Thursday, May 2, 2013

Spicy Greek Lamb Meatballs with Whole Wheat Couscous and Greek Salad

When I was a kid, my mom always used to make me try foods I didn't like over and over again because, as she explained, your taste buds change over time. Foods that once didn't work for you might suddenly taste good. Things you used to think were too spicy would become palatable. So, not trying something more than once could be a very limiting thing. Over the years, I've taken her advice and found that I enjoy a lot of things that I didn't used to. For example: yogurt, cilantro, feta cheese, zucchini, and Greek food.

Yes, I know! Like restaurant critic Jeffrey Steingarten, who famously remarked, "Greek cuisine is an oxymoron," I used to think Greek food was terrible. But, perhaps part of the problem was that I'd never had it outside of our neighborhood Greek restaurant (which, went out of business, by the way). Once I started cooking it at home last year, I was amazed by the healthy, fresh, vibrant flavors packed into this Mediterranean cuisine. How could I have not liked it for so long?

Last night, I tried out a new recipe loaded with Greek spices: lamb meatballs in a spicy, cinnamon infused marinara sauce. I made a little whole wheat couscous to go with it and served a delicious Greek salad on the side. It was hearty enough to warm you up on a chilly night, but fresh enough to eat during the summer months, too. If you made the meatballs miniature, you could also serve it as a fun appetizer for a party.

The meatball recipe is my take on one in Giada De Laurentiis' most recent cookbook, Weeknights with Giada. If you don't have it already, I highly recommend checking it out!

One note: Make sure you take the time to brown your meatballs nicely before adding the sauce. The nicer brown crust you get, the more flavorful they'll be,
These were the leftovers. I was too hungry to wait to take a picture. (Not the greatest picture, I know!)

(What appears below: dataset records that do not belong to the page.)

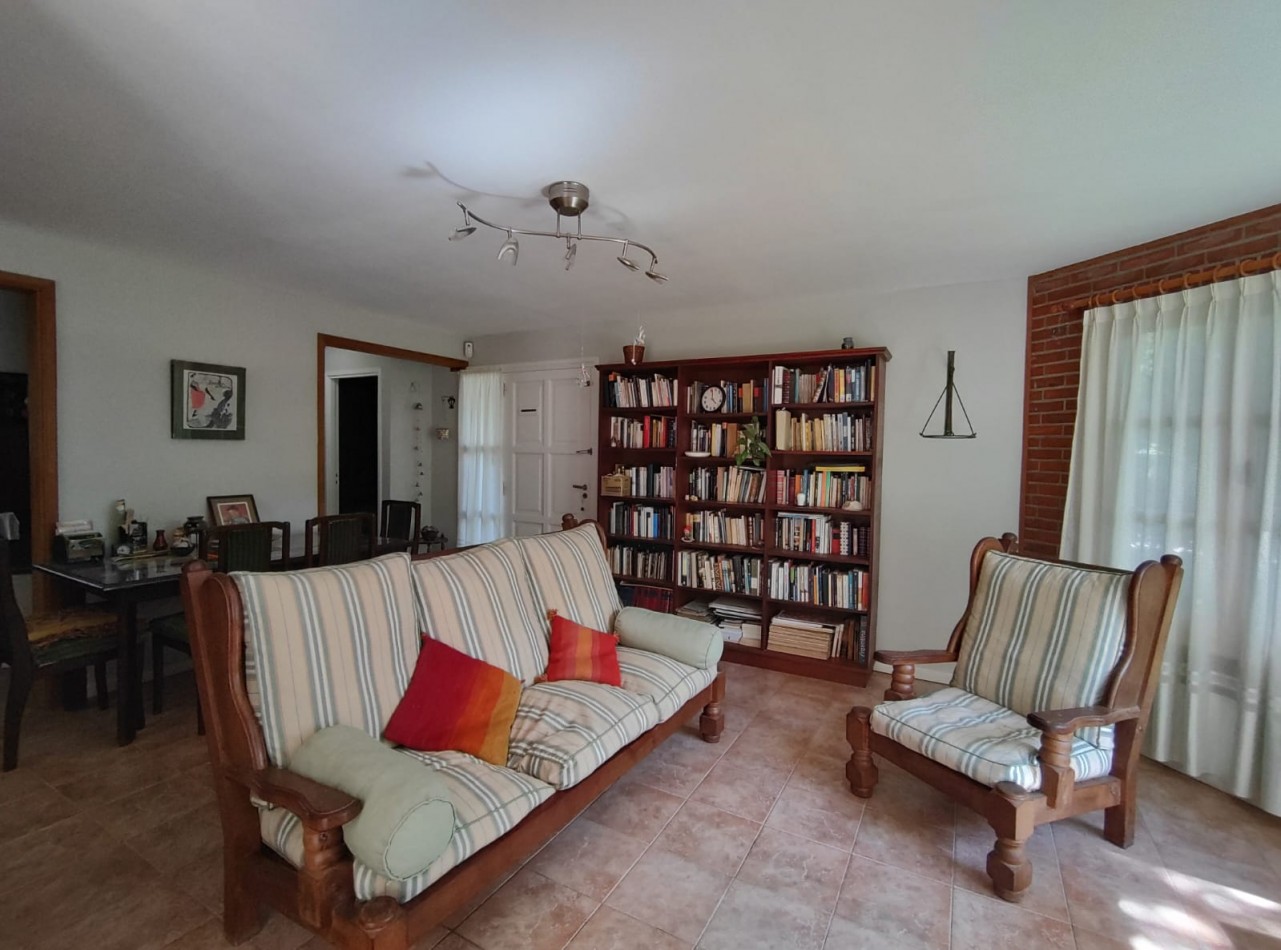 Casa en venta Pinamar cerca de Bunge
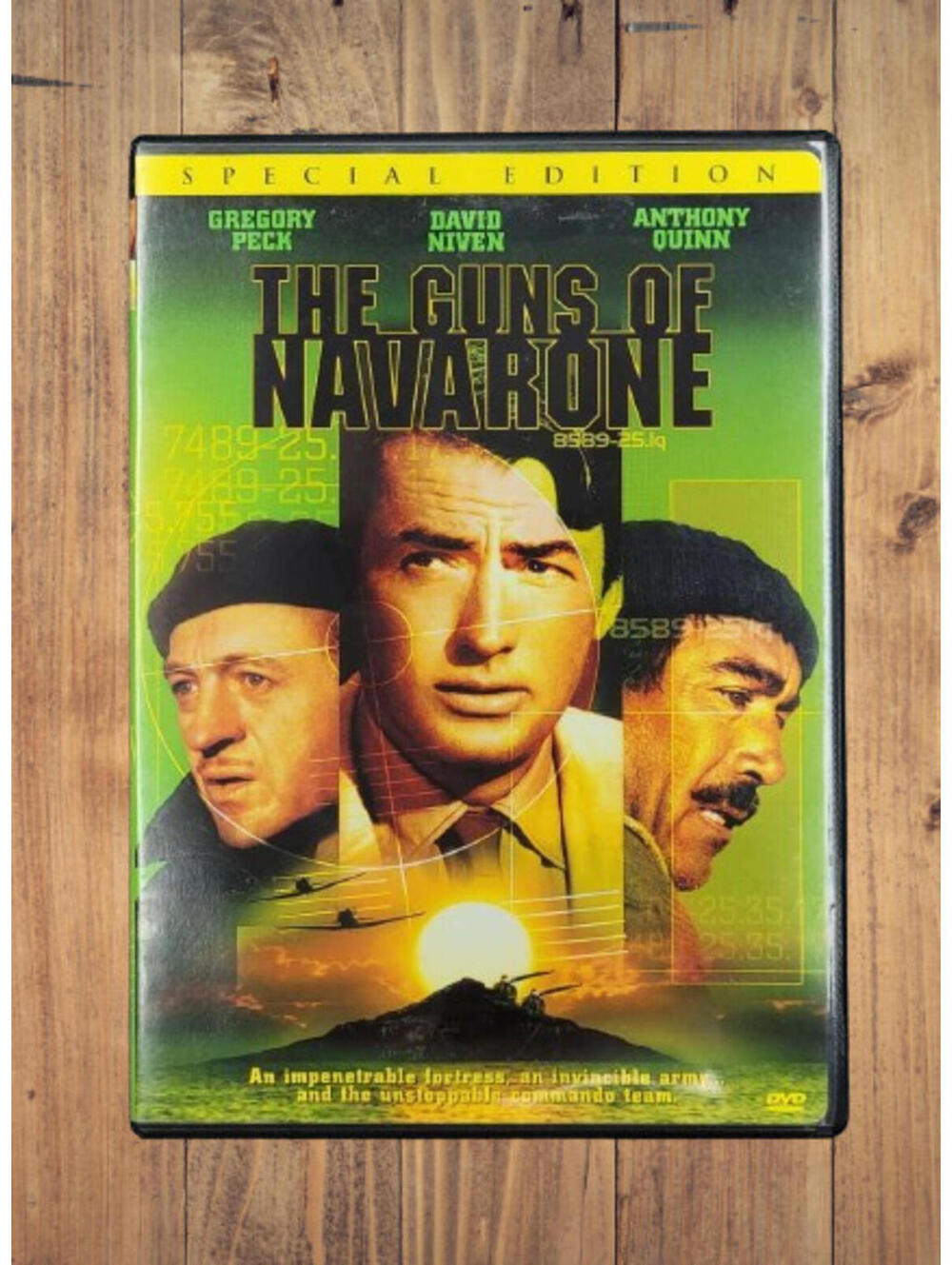 The Guns of Navarone (DVD, 2000, Widescreen) Gregory Peck - David Niven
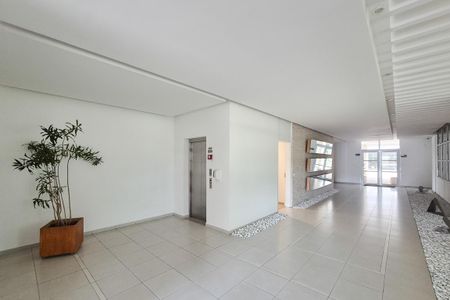 Apartamento à venda com 156m², 3 quartos e 3 vagas Apartamento à venda com 156m², 3 quartos e 3 vagasÁrea comum - hall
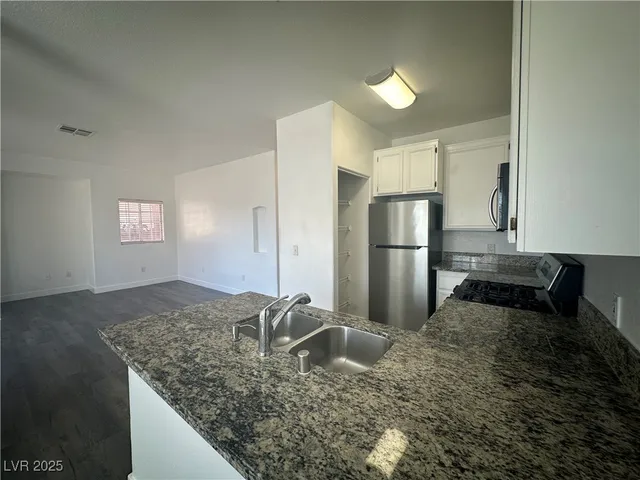 $1,200 | 4730 East Craig Road, Unit 1172, Las Vegas, NV 89115
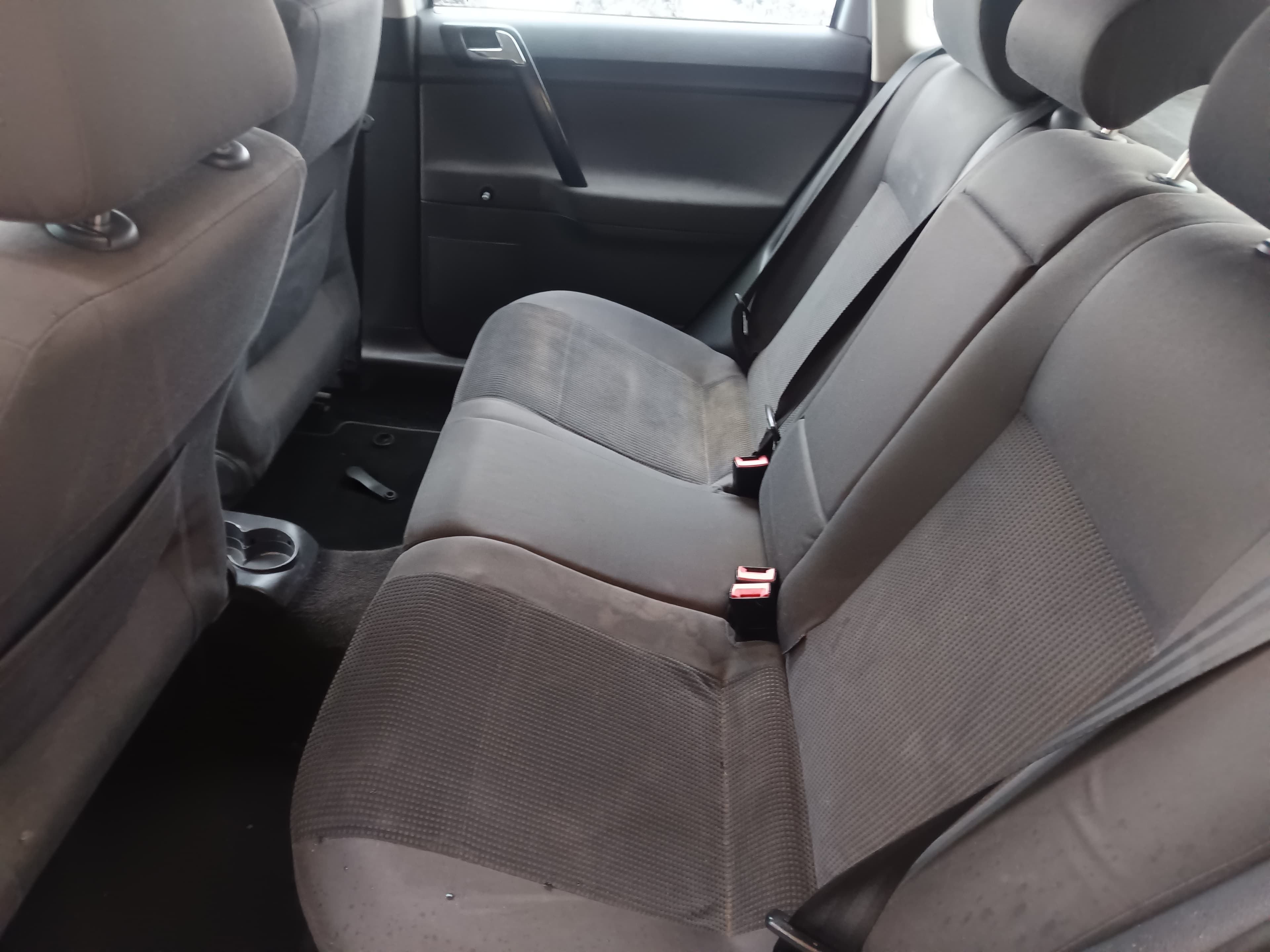 Volkswagen Polo · Ano 2008 — imagen 25
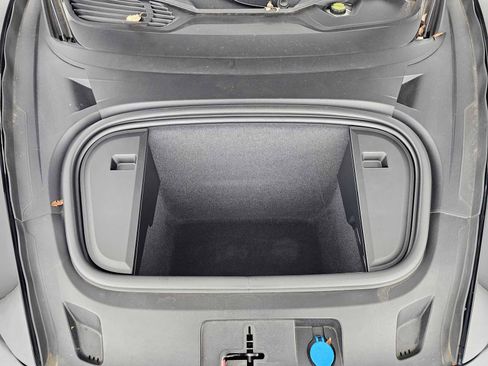 Used 2023 Porsche Taycan w/ Premium Package image 30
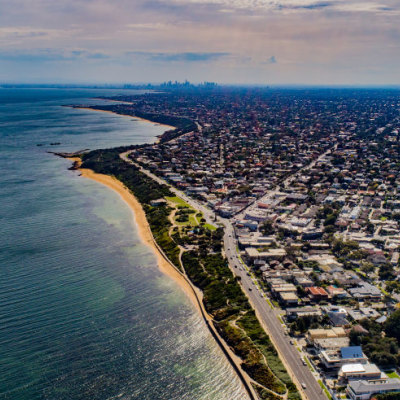 Melbourne house prices surge almost $660 per day, but the market may have peaked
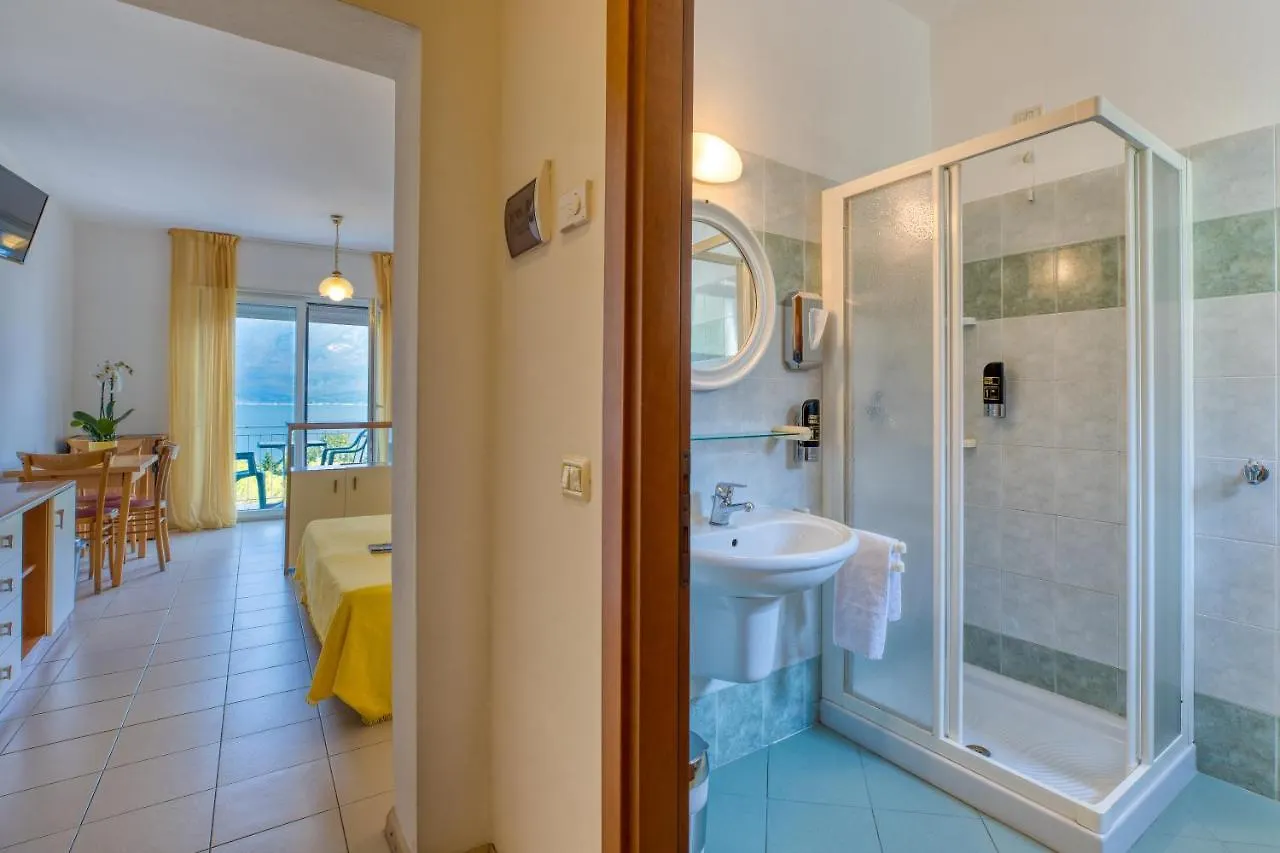 Hotel Casa Piantoni Limone sul Garda 0*,  Włochy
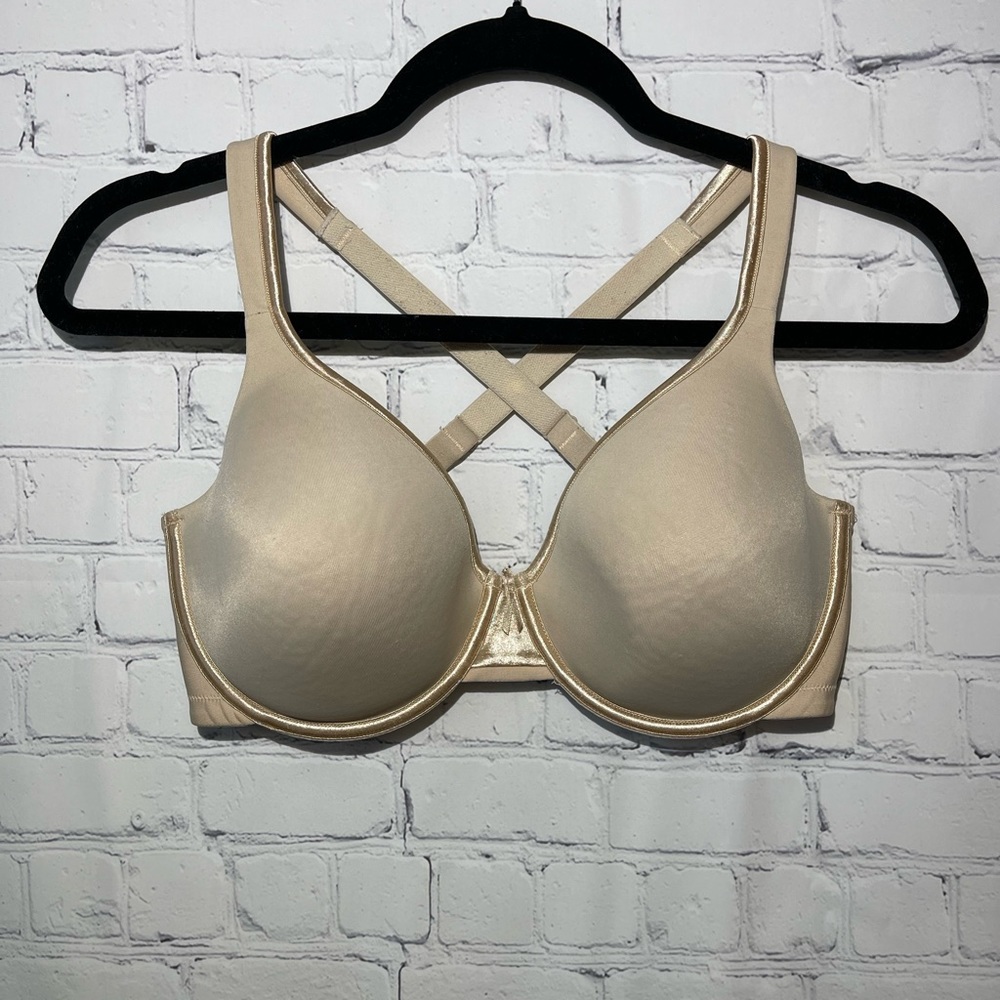 Vanity Fair Body Caress full coverage underwire size 34DD nude colored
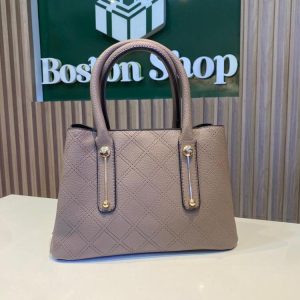 Cartera Beige Elegante Texturizada con Detalles Dorados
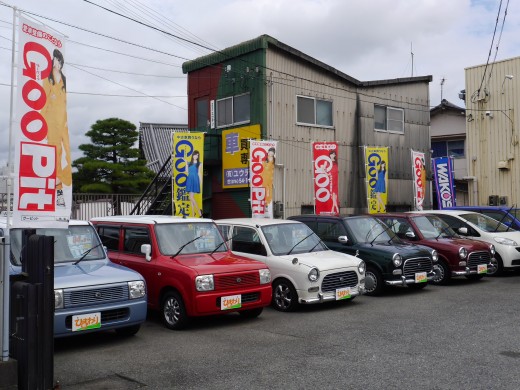 お手頃価格の軽乗用車が並ぶ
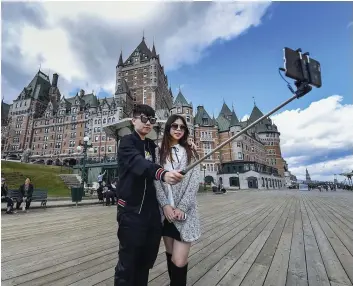  ?? PHOTO D’ARCHIVES, DANIEL MALLARD ?? Les Coréens ont été très nombreux à découvrir les rues de Québec, cet été, en raison de la popularité de la série télévisée Goblin diffusée en Corée du Sud.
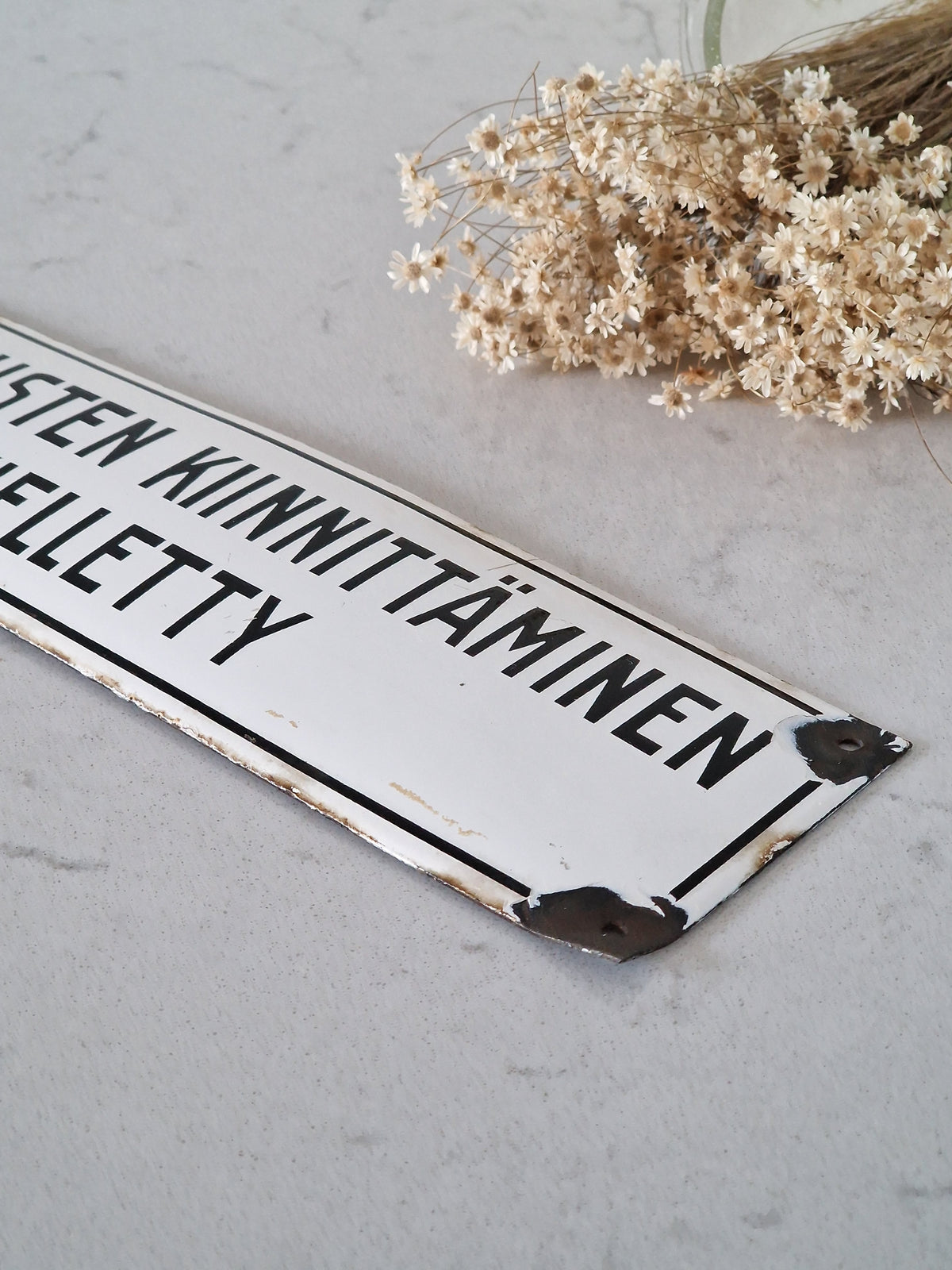 Vanha emalinen kieltokyltti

Spicy Greek Lamb Meatballs

Ingredients:

For the Marinara sauce (makes just enough for the meatballs):
1 diced onion
1 diced carrot
1 diced celery stalk
1 clove garlic, minced
salt and pepper to taste
2 14 oz cans diced tomatoes
1 bay leaf

Instructions:
Heat 3 tbs olive oil in a heavy pot, add the onion, carrot, and celery, sprinkle with salt and pepper and and sauté over medium-high heat for about 8 minutes. Add in the garlic and cook for about 30 seconds.  Pour in the tomatoes and add the bay leaf. Bring to a boil, then reduce to a simmer over medium-low. Cook, uncovered, for at least one hour. When finished, remove the bay leaf.

For the meatballs:
1 cup cooked and cooled couscous
3 tbs chopped parsley
3 tbs dried mint
1 1/5 tbs dried oregano
3 thinly sliced scallions
1 1/5 tsp cumin
1 tbs cinnamon
2 cloves of garlic, minced
2 tbs olive oil
1 egg
1 lb organic ground lamb
kosher salt and pepper to taste
2 cinnamon sticks
red pepper flakes to taste

Instructions:
Mix together couscous through lamb and shape into about 15 meatballs. Heat 3tbs oil in a large skillet over medium high. Add the meatballs and allow to brown on each side, about 3 minutes per side. Gently ladle the sauce over the meatballs (be careful because the olive oil may splatter!), add two cinnamon sticks and red pepper flakes, and bring to a boil. Cover pan and reduce heat to simmer over low. Cook covered for about 12 minutes or until meatballs are cooked through.

Serve over couscous, pasta, rice, with warm pita, or even put it on a sub roll!

Greek Salad

Ingredients:
For the salad:
2 heads of romaine, chopped
8 cherry tomatoes, halved
1/2 an english cucumber, sliced thinly
1 thin slice of red onion, halved and separated into little strips
2 scallions, thinly sliced
8 kalamata olives, pitted
crumbled feta cheese to taste


For the dressing
Two parts olive oil
One part red wine vinegar
1 small clove of garlic, minced
fat pinch of dried oregano
small pinch of salt
fresh ground pepper to taste


Instructions:
Whisk together all of the dressing ingredients in a small bowl. Arrange all of the salad ingredients on a large platter or big bowl and drizzle with the dressing. Serve immediately.